**Material supplied**:
►

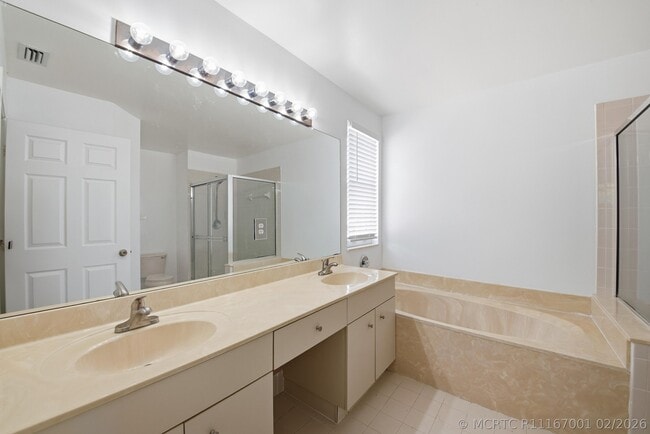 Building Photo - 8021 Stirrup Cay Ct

◄
►

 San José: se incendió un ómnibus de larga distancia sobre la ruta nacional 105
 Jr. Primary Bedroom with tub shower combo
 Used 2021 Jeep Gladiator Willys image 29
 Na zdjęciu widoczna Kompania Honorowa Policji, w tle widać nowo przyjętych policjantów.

◄
►

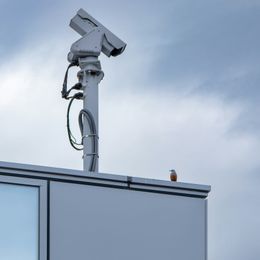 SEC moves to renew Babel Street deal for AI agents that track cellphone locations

◄

**Assigned task**: Please give back exactly the lines of the listing above that run from the one containing "Jr. Primary Bedroom with tub shower combo" through the one containing "Na zdjęciu widoczna", and only those.

**Output for this task**:
 Jr. Primary Bedroom with tub shower combo
 Used 2021 Jeep Gladiator Willys image 29
 Na zdjęciu widoczna Kompania Honorowa Policji, w tle widać nowo przyjętych policjantów.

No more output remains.